The forming of the Australia-UK-US (Aukus) military alliance in the Pacific shows how everything Trump can say, Biden can do. The problem is, Biden isn’t doing it very well.
Biden’s administration, like Trump’s, is committed to building its Pacific alliances while sustaining Nato. Yet on Australia as in Afghanistan, the Biden team are doing exactly what they accused Trump of: unpicking the frayed bonds of Nato without a clear idea of what might replace it.
The government has three tasks: to keep American workers at work, win contracts for American exports, and secure America’s interests overseas. Two cheers for Biden for getting the Trump memo on the first two points.

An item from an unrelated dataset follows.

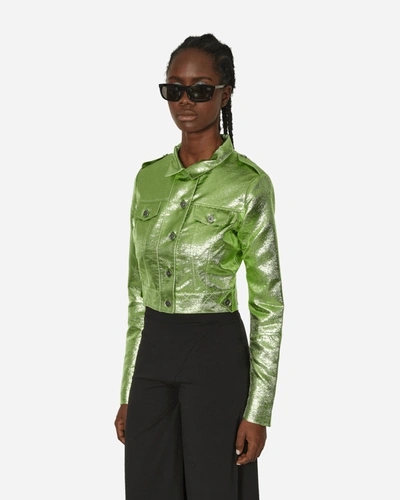 Shop Priscavera Cropped Moto Jacket Wasabi In Green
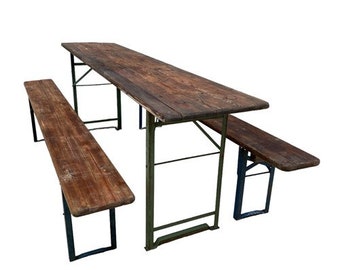 Wood Vintage German Beer Garden Table and Benches, Oktoberfest Picnic Table, D50, Patio Furniture Table, Folding Table, Portable Table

But the Aukus deal is deaf to the third point, which is likely to harm America’s foreign interests.
Emanuel Macron has responded to Australia swapping French-made diesel submarines for American-made nuclear subs by treating the US like an enemy. The French ambassador to Washington has been ‘withdrawn for consultations’. The French foreign minister has accused the US of a ‘stab in the back’.
The French have a word for it: pique. Emanuel Macron is piqued as hell. Fair enough: France and Australia made a $90-billion deal in 2016. Then again, Naval Group, the French signatory, had fallen behind and costs had overrun. All is fair in the business of war.
Macron’s reaction suggests that the Australians were right to cancel their contract for French subs. For it confirms that France is as France does, which means that France is impelled to fall out with les Anglo-Saxons now and then. It’s not just pique or honour. It’s history and geography, two subjects which are out of favour in our digital world, but which remain at the heart of world affairs. It might even be in France’s interest to behave as they are doing.
The French have a distinct civilisation, and one of its distinguishing features is its sharp difference from English civilisation – a difference so clear in French eyes that most French people will laugh at the very idea of ‘English civilisation’, just as they might crack up at the notion of ‘German comedy’ or ‘Italian accountancy’.
The French do not laugh, however, at the globalisation of English civilisation. The English rampaged across the globe in the age of empires, and the result is the sleeping giant we call the Anglosphere. The English-speaking peoples share a common past, a common language, and similar legal systems. They share family ties, and some of them even share a common monarch.
Family ties count for a lot when you’re forming defensive alliances. France has similar connections with what it calls la Francophonie, most of which are in the Pacific. When Tahiti goes nuclear, we can expect that French companies will win the contracts. As with France, Australia’s move to its closest military allies – the US and UK – is just history and geography making themselves manifest.
The problem for France – and by extension Nato and the US too – is that history and geography are playing out on France’s doorstep too. Russia has not loomed so large over western Europe since the end of the Cold War, with France’s partner Germany tilting towards it. Britain is no longer anyone’s partner in Europe. The underpinnings of Nato’s Atlantic and western European flank are weaker than they have ever been.
The contempt with which the Biden team treated its allies in the withdrawal from Afghanistan gave notice to the Europeans that they’re on their own. While Trump merely demanded the Europeans sustain Nato by spending their promised share, Biden has shown the US doesn’t care at all. The result is dissension and disorder among Europe’s biggest Nato members – problems the Biden administration has dramatically worsened, and which Macron is now worsening even more dramatically.
Sir John Seeley said the British acquired an empire in ‘a fit of absence of mind’. Centuries on, no president is as absent-minded as Joe Biden. The US may wish to build up its Pacific alliances, but the cost will be Nato.